While a skin biopsy was suggestive of ichthyosis, subsequent biopsy of the right axillary lymph node revealed neoplastic cells with a multilobulated anaplastic morphology and an “embryoid” appearance with foci of tumor necrosis. Immunohistochemistry phenotypes were CD45+ CD30+, CD43+, Bcl-2+, MUM-1+, MIB-1+(60%), CD3-, CD20-, CD79a-, CD10-, BCL6-, CD38-, LMP1-, ALK-, suggestive of anaplastic large cell lymphoma (Fig. 3A‒F).

Fig. 3.

(A‒F) Biopsy of the right axillary lymph node: CD45+ CD30+, CD43+, Bcl-2+, MUM-1+, MIB-1+(60%), CD3-, CD20-, CD79a-, CD10-, BCL6-, CD38-, LMP1, ALK-, suggestive of anaplastic large cell lymphoma.

(1.42MB).

Based on the clinical, radiological, and pathological findings, the diagnosis of BIA-ALCL with a locally aggressive or extensive stage was established (stage III, T4N2M0).

BIA-ALCL commonly presents as a late peri-implant seroma (>80%), causing distortion and asymmetry of the breasts. It can manifest with regional lymphadenopathy (predominantly axillary, supra-, or infra-clavicular) in 20% of cases, or concurrent with skin lesions (erythema, rash, erythematous nodules) or as de novo in 8% of cases.3–7

In our case, ichthyosis was the initial cutaneous paraneoplastic manifestation of BIA-ALCL and dermatological management was based on glycerin soap, liquid petroleum jelly, and methylprednisolone aceponate (ointment). This cutaneous alteration can appear in the same manner in endocrinopathies, immunological disorders, vitamin deficiencies, infections, and with drug use.3

BIA-ALCL originates from the fibrous capsule surrounding the implant, except in the advanced stages, which involve the surrounding tissue. Stage I was diagnosed in 83% of patients, and only 7% presented with stage IV disease.1,6

The etiopathogenesis of BIA-ALCL is multifactorial, namely chronic infection in the textured implant configuration, gram-negative biofilm formation, immune response, chronic inflammation, host genetics (e.g., JAK/STAT, p53), and timing of oncogenesis. The presumptive triggers include mechanical friction, silicone implant shell particles, silicone leachate, and bacteria. BIA-ALCL presents at a median time of 8–10 years after breast prosthetic implantation.6–9

Considering that 2%–4% of cases can occur bilaterally, both implants of our patient were removed with total capsulectomy,1,6,8,10 and chemotherapy was initiated under the CHOP regimen (cyclophosphamide, doxorubicin hydrochloride, vincristine sulfate, and prednisone). After six cycles, cthe complete morpho-metabolic response of the patient was confirmed by PET/CT, with subsequent disappearance of the skin lesions.
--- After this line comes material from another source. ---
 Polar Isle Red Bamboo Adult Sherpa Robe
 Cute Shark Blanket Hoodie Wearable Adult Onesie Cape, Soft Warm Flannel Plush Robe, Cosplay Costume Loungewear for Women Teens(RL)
We must establish the role of certain agents (brentuximab vedotin), adjuvant therapies (radiotherapy), and autologous stem cell transplantation, mainly in locally aggressive or advanced stages (stages II‒IV).

In conclusion, the discussed case of a patient with BIA-ALCL who presented with acquired ichthyosis, emphasizes a multidisciplinary approach for early diagnosis and corresponding management.